- What is needed
An exact transcription of the lines from the one holding "Rug - MOA10291930" to the end of the entries below, and nothing more, is the required answer. Please omit the pictures.

- Data extract
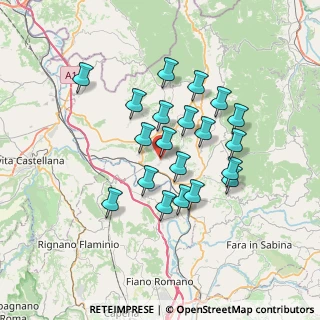 Mappa Via Roma, 02044 Forano RI, Italia (6.26)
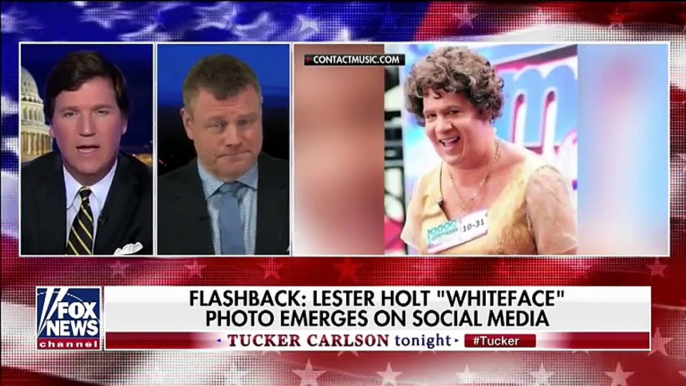 Tucker Carlson Draws On Lester Holt's Halloween Costume After Megyn Kelly's Blackface Remarks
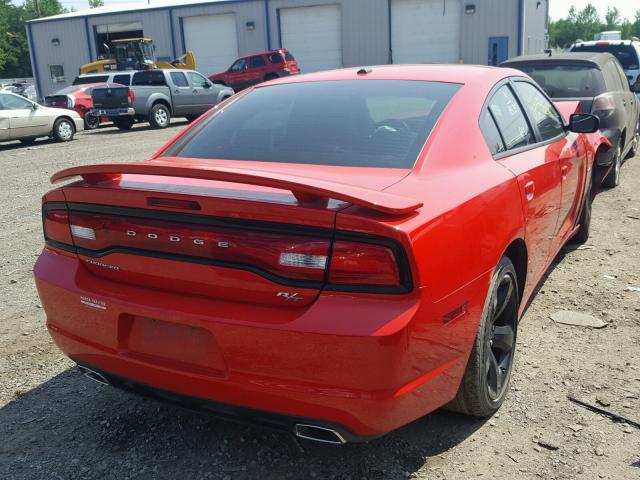 2C3CDXCT5EH277931 - 2014 DODGE CHARGER R/ RED photo 4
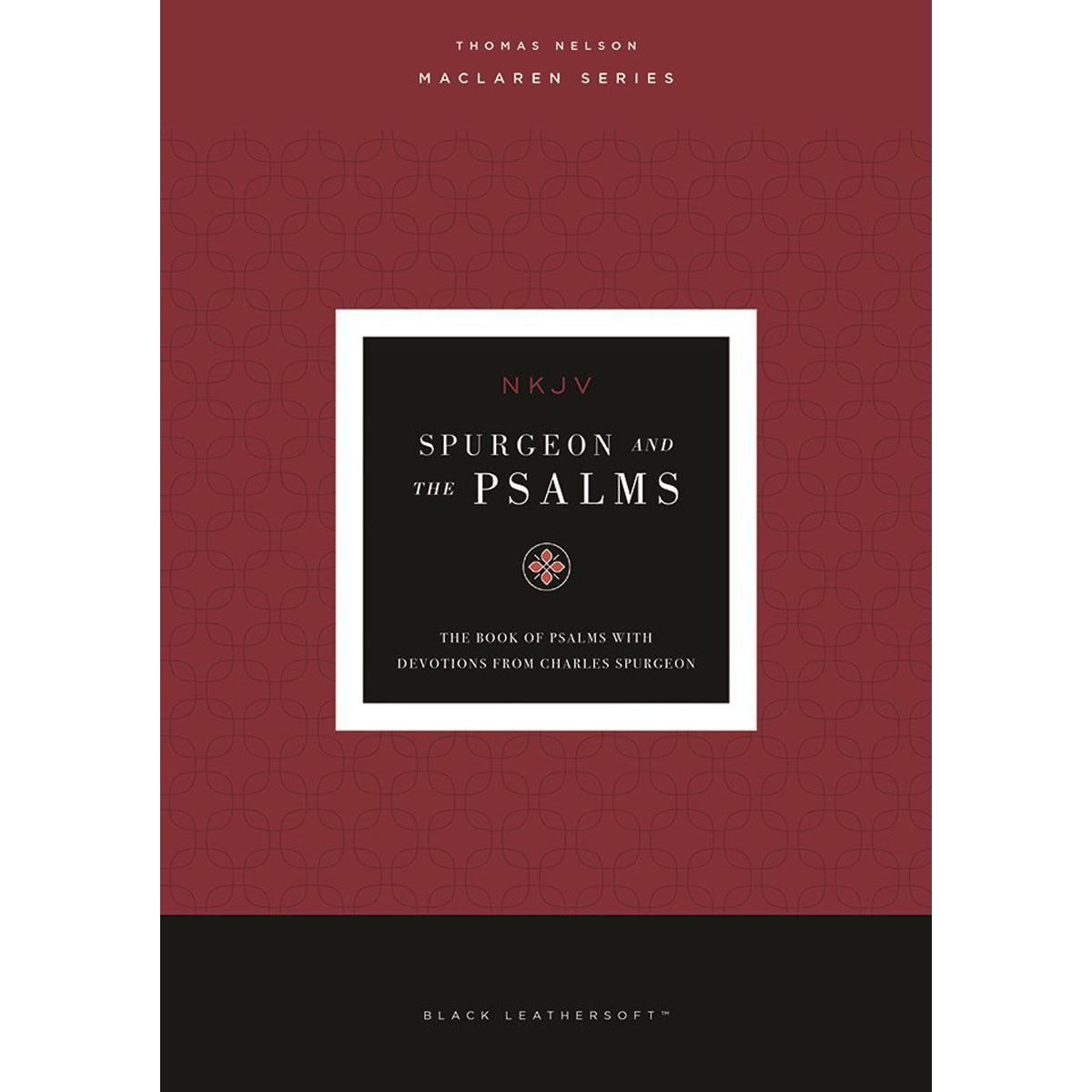NKJV Spurgeon And The Psalms Black (Comfort Print)(Maclaren Series)(Imitation Leather)
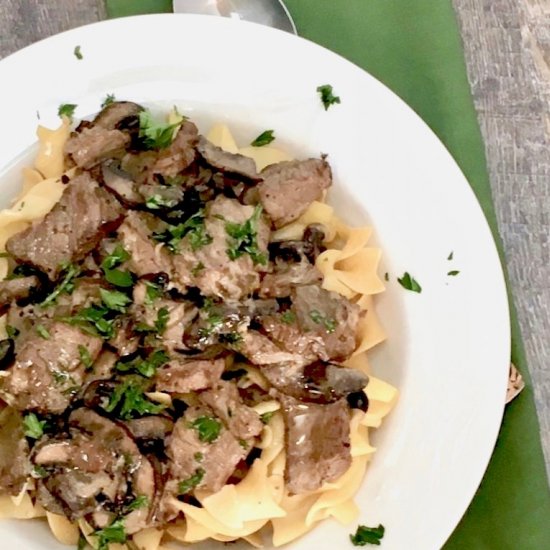 Stroganoff… Beef Stroganoff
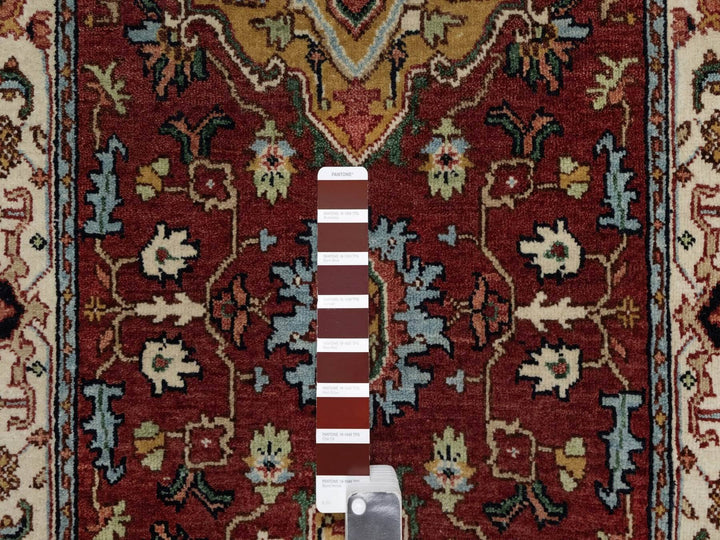2'7" x 6'1" New Hand Knotted Red Wool Runner Oriental Rug - MOA10291930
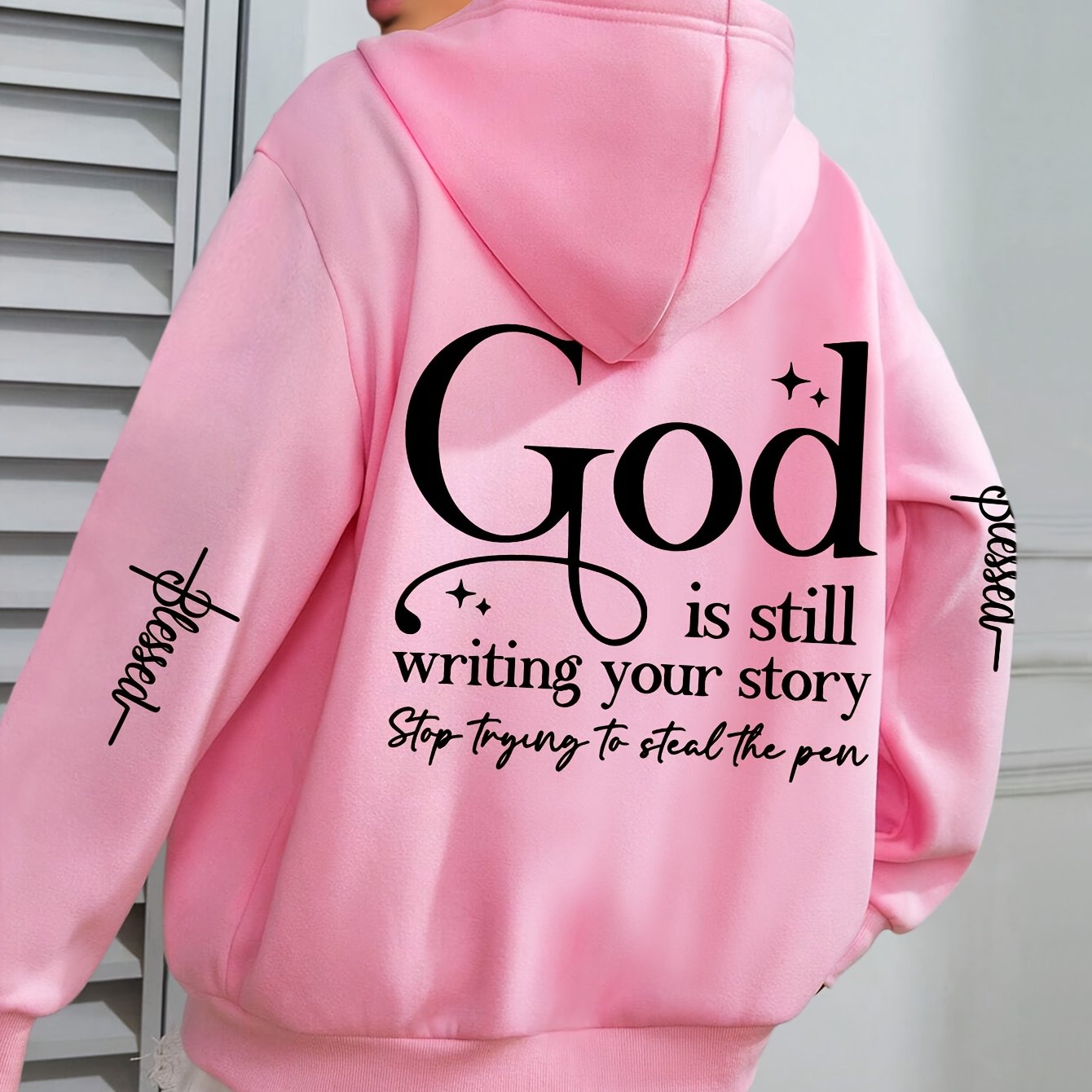 GOD Slogan Hoodie Pullover Hooded Sweatshirt Casual IHDP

- Result
2'7" x 6'1" New Hand Knotted Red Wool Runner Oriental Rug - MOA10291930
 GOD Slogan Hoodie Pullover Hooded Sweatshirt Casual IHDP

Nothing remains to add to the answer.